Identifying Abnormal Ostial Morphology in Anomalous Aortic Origin of a Coronary Artery.

Ann Thorac Surg

Department of Pediatrics, Division of Cardiology, The Children's Hospital of Philadelphia, Perelman School of Medicine, University of Pennsylvania School of Medicine, Philadelphia, Pennsylvania; Department of Radiology, The Children's Hospital of Philadelphia, Perelman School of Medicine, University of Pennsylvania School of Medicine, Philadelphia, Pennsylvania.

Published: July 2015

Background: Anomalous origin of a coronary artery from the contralateral sinus of Valsalva is associated with exercise-induced ischemia and sudden death. That is thought to be due to aortic enlargement in patients with an elliptical ostium. We hypothesize that virtual angioscopy can identify abnormal coronary ostial morphology in these patients.

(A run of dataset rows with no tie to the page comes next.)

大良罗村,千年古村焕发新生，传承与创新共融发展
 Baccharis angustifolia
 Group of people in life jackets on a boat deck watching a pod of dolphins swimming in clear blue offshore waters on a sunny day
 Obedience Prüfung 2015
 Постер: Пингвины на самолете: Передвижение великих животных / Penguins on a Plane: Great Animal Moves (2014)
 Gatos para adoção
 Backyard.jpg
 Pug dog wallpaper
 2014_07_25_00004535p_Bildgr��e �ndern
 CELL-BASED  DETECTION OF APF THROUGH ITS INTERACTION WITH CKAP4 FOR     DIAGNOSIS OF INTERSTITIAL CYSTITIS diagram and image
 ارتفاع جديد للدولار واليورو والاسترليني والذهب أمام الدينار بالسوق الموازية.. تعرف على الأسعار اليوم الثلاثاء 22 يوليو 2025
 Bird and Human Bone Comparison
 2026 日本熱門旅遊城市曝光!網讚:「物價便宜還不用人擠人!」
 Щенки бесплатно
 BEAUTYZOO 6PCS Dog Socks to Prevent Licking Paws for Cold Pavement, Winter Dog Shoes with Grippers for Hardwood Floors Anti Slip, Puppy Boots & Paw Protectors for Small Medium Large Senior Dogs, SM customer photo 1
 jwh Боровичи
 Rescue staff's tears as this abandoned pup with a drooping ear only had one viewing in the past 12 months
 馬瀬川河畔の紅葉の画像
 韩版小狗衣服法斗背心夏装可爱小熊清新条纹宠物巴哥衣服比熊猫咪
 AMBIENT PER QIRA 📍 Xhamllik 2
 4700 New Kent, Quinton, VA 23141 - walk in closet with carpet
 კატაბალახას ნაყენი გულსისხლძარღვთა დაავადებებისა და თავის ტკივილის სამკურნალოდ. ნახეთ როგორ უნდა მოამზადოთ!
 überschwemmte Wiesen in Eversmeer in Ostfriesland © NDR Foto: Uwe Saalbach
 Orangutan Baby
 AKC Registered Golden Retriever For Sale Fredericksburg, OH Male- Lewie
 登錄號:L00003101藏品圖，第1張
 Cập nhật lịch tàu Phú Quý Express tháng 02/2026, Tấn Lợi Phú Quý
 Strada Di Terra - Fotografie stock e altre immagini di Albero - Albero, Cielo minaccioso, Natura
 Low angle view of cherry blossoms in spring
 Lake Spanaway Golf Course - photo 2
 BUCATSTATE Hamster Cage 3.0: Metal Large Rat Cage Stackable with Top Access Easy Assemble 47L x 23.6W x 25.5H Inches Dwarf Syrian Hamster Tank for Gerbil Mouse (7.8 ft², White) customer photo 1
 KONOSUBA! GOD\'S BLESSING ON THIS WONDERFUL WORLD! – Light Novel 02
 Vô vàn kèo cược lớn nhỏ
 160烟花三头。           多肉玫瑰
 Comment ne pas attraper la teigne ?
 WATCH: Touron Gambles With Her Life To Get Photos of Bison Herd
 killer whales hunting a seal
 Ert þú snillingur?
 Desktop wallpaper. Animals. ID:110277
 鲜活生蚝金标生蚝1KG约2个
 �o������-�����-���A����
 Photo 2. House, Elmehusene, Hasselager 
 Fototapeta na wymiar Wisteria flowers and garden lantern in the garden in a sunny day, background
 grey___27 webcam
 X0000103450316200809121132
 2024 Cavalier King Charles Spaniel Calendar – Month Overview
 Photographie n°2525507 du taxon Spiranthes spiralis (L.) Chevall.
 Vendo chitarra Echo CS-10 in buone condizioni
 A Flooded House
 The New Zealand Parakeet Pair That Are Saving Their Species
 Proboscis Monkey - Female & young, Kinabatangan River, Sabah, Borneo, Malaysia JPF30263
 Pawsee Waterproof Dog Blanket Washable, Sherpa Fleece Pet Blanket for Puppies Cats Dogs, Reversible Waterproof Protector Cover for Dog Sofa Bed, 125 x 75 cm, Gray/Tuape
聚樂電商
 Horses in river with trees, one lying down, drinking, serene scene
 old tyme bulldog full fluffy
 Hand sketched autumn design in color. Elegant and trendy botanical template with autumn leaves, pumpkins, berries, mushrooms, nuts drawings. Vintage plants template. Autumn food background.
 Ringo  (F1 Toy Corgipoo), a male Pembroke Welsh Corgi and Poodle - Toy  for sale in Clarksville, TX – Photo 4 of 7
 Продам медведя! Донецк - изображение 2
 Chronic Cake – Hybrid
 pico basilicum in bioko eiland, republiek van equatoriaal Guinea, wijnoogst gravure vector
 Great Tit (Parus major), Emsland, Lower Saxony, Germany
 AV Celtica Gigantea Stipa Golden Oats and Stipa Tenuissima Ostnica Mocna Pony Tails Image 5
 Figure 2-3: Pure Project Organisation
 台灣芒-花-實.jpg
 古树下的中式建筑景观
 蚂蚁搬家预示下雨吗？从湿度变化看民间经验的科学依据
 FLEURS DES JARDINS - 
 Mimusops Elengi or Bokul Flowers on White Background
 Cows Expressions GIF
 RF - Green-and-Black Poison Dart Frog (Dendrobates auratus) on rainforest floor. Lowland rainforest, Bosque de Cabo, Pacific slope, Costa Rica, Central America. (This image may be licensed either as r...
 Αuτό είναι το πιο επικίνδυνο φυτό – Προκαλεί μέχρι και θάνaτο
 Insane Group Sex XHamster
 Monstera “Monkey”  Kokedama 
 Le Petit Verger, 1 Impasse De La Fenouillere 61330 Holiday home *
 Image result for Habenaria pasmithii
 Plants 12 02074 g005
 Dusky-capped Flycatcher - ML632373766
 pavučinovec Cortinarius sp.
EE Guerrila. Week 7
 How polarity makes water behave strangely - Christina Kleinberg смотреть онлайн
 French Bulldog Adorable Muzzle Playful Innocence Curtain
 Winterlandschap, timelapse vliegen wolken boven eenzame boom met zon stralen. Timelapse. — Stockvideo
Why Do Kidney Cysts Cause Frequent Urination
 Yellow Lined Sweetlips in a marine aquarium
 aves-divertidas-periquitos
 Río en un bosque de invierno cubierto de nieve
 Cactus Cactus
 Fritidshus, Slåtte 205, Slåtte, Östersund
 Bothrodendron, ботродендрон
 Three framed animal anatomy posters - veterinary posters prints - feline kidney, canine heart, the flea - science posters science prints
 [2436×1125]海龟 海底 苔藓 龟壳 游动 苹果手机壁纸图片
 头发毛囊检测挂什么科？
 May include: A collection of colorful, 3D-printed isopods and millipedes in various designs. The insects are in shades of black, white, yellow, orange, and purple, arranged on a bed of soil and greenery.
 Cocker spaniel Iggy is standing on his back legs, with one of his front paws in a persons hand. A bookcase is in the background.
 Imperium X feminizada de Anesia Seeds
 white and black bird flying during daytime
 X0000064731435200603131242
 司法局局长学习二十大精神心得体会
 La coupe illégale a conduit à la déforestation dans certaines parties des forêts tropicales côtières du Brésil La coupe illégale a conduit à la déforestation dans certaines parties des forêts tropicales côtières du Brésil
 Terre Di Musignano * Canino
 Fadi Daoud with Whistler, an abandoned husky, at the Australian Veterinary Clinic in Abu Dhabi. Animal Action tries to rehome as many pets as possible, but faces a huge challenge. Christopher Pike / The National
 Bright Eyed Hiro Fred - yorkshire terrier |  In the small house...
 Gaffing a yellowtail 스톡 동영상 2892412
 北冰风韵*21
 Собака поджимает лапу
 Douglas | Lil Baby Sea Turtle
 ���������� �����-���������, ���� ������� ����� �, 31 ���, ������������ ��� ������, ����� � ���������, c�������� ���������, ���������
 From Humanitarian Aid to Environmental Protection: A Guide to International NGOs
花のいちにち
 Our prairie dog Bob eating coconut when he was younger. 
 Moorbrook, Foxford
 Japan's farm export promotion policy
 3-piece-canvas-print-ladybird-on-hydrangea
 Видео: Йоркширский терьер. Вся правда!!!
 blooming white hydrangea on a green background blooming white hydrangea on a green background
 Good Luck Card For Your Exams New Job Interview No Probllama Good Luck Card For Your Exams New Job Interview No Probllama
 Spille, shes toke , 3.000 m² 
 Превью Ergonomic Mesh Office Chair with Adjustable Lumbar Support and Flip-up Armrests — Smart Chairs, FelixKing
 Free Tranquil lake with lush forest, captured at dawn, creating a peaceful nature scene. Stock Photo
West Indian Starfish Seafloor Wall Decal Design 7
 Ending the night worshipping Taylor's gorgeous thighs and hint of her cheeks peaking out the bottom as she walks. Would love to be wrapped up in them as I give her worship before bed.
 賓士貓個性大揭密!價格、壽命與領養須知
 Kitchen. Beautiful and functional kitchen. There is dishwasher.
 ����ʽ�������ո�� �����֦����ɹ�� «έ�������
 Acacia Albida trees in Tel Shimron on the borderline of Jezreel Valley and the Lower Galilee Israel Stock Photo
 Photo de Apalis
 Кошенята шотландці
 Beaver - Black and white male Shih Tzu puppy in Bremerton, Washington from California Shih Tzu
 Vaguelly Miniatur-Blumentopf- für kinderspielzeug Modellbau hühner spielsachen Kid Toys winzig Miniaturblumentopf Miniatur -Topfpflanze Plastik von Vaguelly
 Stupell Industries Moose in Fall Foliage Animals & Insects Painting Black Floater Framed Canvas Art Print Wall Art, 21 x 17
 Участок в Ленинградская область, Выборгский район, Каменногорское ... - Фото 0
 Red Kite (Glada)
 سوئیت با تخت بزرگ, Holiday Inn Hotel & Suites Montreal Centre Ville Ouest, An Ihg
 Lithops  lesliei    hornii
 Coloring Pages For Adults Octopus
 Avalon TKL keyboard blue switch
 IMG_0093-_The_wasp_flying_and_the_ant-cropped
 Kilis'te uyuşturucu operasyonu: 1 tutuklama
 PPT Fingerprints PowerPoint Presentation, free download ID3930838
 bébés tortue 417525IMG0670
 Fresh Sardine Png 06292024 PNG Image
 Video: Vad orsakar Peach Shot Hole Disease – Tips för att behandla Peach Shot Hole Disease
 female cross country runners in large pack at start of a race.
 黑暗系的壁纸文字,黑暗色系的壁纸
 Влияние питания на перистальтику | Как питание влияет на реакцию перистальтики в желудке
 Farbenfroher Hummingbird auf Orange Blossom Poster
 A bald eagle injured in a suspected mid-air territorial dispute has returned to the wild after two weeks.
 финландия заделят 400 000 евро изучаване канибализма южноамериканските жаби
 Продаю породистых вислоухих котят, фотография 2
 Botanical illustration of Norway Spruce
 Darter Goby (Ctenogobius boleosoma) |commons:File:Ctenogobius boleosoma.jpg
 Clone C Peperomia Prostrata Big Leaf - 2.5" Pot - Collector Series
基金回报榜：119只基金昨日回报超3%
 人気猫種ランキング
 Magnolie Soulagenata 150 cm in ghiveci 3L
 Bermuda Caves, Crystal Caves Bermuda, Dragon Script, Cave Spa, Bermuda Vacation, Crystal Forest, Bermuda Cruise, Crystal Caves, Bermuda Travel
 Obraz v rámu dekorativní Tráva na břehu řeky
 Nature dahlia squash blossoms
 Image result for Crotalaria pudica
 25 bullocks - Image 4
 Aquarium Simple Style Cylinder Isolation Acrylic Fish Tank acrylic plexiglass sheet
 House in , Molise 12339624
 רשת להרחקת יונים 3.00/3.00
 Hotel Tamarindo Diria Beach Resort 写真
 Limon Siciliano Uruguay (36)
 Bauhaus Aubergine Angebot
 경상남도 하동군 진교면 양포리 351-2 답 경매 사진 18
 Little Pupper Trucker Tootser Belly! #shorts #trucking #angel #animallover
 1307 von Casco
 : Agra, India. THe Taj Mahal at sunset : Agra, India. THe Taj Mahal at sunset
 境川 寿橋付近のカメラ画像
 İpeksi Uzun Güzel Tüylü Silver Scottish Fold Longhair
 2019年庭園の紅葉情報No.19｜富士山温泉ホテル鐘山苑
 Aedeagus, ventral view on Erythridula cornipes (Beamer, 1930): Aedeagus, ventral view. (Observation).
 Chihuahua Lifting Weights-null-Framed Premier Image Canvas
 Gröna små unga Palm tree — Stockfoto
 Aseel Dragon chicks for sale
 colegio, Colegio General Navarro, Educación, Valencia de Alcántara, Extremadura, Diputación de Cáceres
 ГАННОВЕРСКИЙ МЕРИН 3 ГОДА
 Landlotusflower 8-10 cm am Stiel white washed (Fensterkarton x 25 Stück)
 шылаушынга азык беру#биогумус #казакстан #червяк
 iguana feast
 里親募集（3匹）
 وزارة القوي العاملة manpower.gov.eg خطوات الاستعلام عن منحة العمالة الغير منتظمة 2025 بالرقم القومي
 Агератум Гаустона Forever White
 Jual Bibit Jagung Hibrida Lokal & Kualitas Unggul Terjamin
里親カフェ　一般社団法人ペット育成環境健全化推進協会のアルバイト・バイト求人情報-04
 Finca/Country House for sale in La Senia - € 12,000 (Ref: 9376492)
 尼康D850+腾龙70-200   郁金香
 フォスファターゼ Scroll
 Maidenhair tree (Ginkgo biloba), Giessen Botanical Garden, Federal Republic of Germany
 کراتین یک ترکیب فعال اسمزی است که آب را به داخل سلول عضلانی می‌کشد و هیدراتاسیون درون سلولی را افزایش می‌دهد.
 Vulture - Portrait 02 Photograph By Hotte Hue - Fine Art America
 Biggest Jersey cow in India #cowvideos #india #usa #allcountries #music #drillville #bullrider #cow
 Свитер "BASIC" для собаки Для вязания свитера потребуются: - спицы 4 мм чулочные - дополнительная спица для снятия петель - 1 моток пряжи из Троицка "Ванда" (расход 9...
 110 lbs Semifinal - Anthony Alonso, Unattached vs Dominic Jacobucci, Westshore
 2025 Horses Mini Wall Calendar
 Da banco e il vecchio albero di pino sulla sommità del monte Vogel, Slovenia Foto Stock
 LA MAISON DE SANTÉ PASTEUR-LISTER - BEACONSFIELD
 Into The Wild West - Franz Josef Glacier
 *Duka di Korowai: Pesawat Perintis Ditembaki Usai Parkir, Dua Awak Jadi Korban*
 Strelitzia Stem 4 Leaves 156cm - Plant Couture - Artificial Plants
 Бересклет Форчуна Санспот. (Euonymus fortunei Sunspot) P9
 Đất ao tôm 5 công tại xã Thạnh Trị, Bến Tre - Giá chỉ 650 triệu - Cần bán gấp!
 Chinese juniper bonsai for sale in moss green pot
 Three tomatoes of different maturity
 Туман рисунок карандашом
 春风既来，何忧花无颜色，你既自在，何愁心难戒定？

Methods: We retrospectively analyzed 55 consecutive pediatric coronary artery magnetic resonance imaging studies from January 2006 to January 2010 with the diagnosis of anomalous right (n = 20), or left (n = 7) coronary artery, or normal coronary origins (n = 28). One postmortem heart specimen with anomalous left coronary artery was imaged and analyzed to validate our technique. Virtual angioscopy analysis was used for visualization and measurement of the coronary ostia.

Results: Distinct aortic origins of the right and left coronaries were seen in all 55 studies. An elliptical orifice with a longer superior-inferior dimension was seen in all anomalous ostia, in contrast to a circular ostium in all normal origins. That was quantified in anomalous ostia with a long-axis to short-axis ratio of 2.5 ± 0.5 (right) and 2.4 ± 0.5 (left) compared with 1.1 ± 0.2 (right) and 1.0 ± 0.3 (left) in controls (p < 0.001 for right and left ostia comparisons). Ostial morphology was confirmed in all 9 patients who underwent operative repair and in 1 patient at autopsy.

Conclusions: Virtual angioscopy identifies abnormal ostial morphology in anomalous coronary artery patients, which is important for characterizing the diagnosis of patients who may be at risk for sudden death.